I am going to share a law of physics with you that I would like you to consider. It is my own, and I am not a scientist, but I think it holds; “Only two things can affect an energy change in a system in a radiative balance, either a change of input, or a change in the residence time of some aspect of that energy within the system.”
So suppose we place 144 thermometer one inch apart to meausre the mean T in a one sq’ area starting one inch above above a gas stove set at low, and measure the T. (In this simplifed case the exact location of the thermometers is “the system” we are meausring.) Now we turn a fan on under the stove, we get a lower mean T due to the reduced residence time. How much do we have to turn the stove up, to get the same T we got before we turned the fan on? How much the residence time is reduced, is in exact correlation to how much the input must change to maintain the same reading. Now let us turn the stove down, but place a thick walled, but thin bottomed, especially in the middle, also with convex shaped bottom pot, with a thick sealed top. Our pot is one sq’ covering our system perfectly. Fill the pot with water. Now, over time, our system reaches a radiative balance. Now how much energy is within our system? How small can the flame be, to equal the energy of the system with the fan on?
Thanks for your time thus far, now to earth. What is the residence time of each spectrum of solar energy reaching the surface at each latitude? What is the residence time in the atmosphere at each laditude and altitude? Does this residence time of energy within the earth, as defined by all the land, oceans and atmosphere, vary by many many orders of magnitude, from fractions of a second, to centuries for that energy which can penetrate up to 800′ into the oceans.
So can we take a small area of the earth with the same TSI, as in no change, and get a different energy accumalation that will take centuries to fully manifest? Yes, it is fairly simple. Move a cloud in and basically stop the deep penetrating solar spectrum from entering the ocean. This one change, with no change in input, can take centuries to manifest and fully accumalate within our system.

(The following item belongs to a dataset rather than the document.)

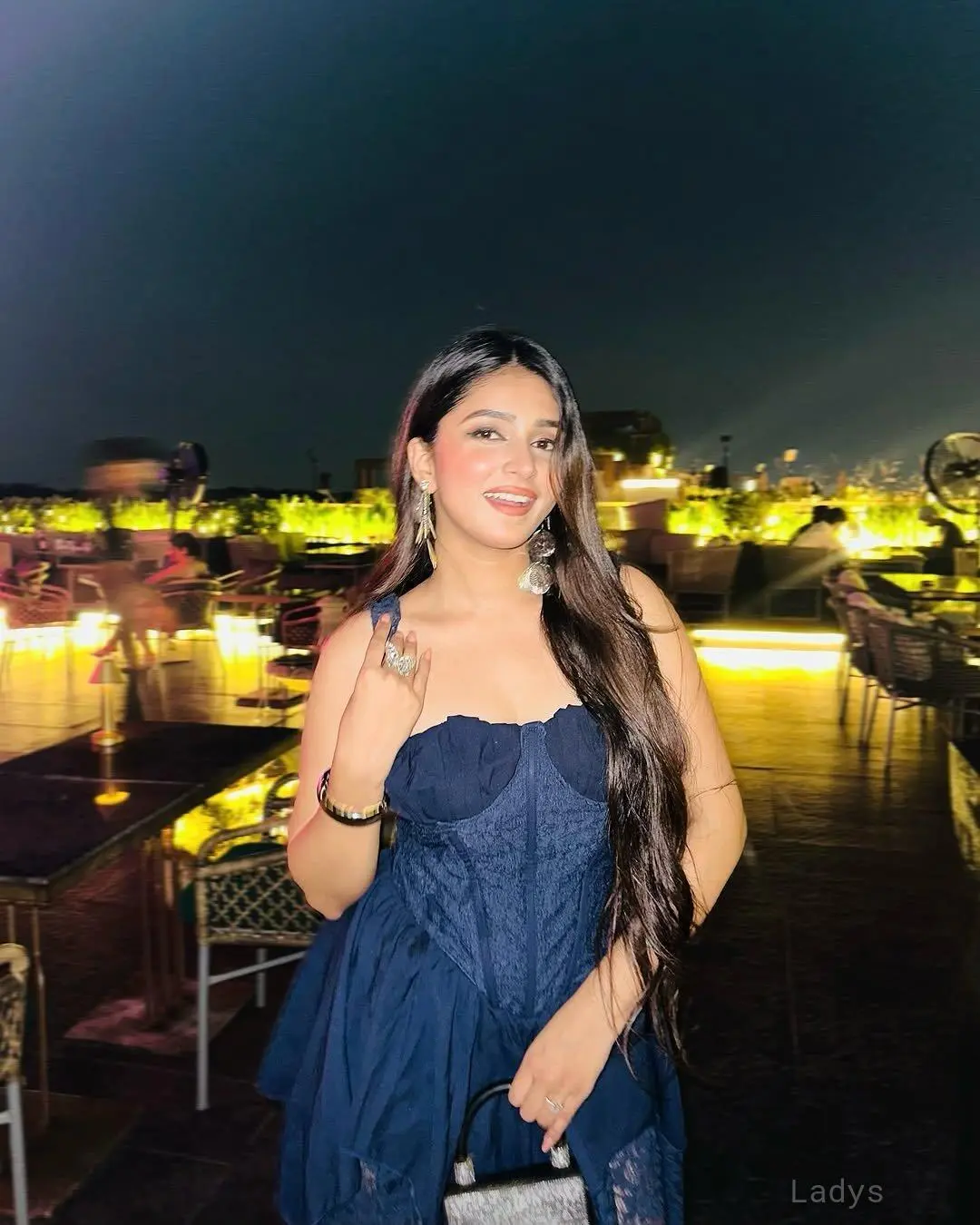 Janvii, 23 years old Pondicherry escort girl with big tits, height 153 sm, Weight  kg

We know jet streams, and therfore weather systems and clouds move dramatically. This movement affects the residence time of energy within our system dramatically, with cloud cover location having a dramatic affect that may accumlate for decades, and not fully manifest for centuries. TSI changes vary strongly according to the different solar spectrum, and the residence time of each spectrum varies dramatically.
My point is I think it is to early to tell what affect decades long changes in disparate solar spectrum have. At this point I do not think we can rule out minor changes having a major affect over decades.
As a side note I often wonder about volcanos, when we are told a St Helens going off in the deep ocean has no affect at the surface. Suppose that goes on for months. Energy is not lost, it goes somewhere. Each and every day it does not leave the ocean, it accumalates within the ocean. How much does tectonic activity change over time? Just thoughts, which are fun and purely academic, when one does not wish to change and or rule the world because of them.